▸ **Action item**
For the material that follows, return exactly the lines from the one with "1506-135 James St" through the one with "Polera con Detalle de Crochet en Mangas-5", both ends included.

··· Data provided

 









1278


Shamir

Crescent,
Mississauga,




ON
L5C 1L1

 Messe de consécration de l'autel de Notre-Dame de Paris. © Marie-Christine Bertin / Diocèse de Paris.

······
··· Data provided

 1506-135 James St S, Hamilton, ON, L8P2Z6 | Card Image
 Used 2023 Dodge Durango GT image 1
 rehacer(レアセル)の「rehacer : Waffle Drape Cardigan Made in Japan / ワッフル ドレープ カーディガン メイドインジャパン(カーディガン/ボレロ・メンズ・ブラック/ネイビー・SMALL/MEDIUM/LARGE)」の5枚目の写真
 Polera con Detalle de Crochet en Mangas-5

······

▸ **Task solution**
 1506-135 James St S, Hamilton, ON, L8P2Z6 | Card Image
 Used 2023 Dodge Durango GT image 1
 rehacer(レアセル)の「rehacer : Waffle Drape Cardigan Made in Japan / ワッフル ドレープ カーディガン メイドインジャパン(カーディガン/ボレロ・メンズ・ブラック/ネイビー・SMALL/MEDIUM/LARGE)」の5枚目の写真
 Polera con Detalle de Crochet en Mangas-5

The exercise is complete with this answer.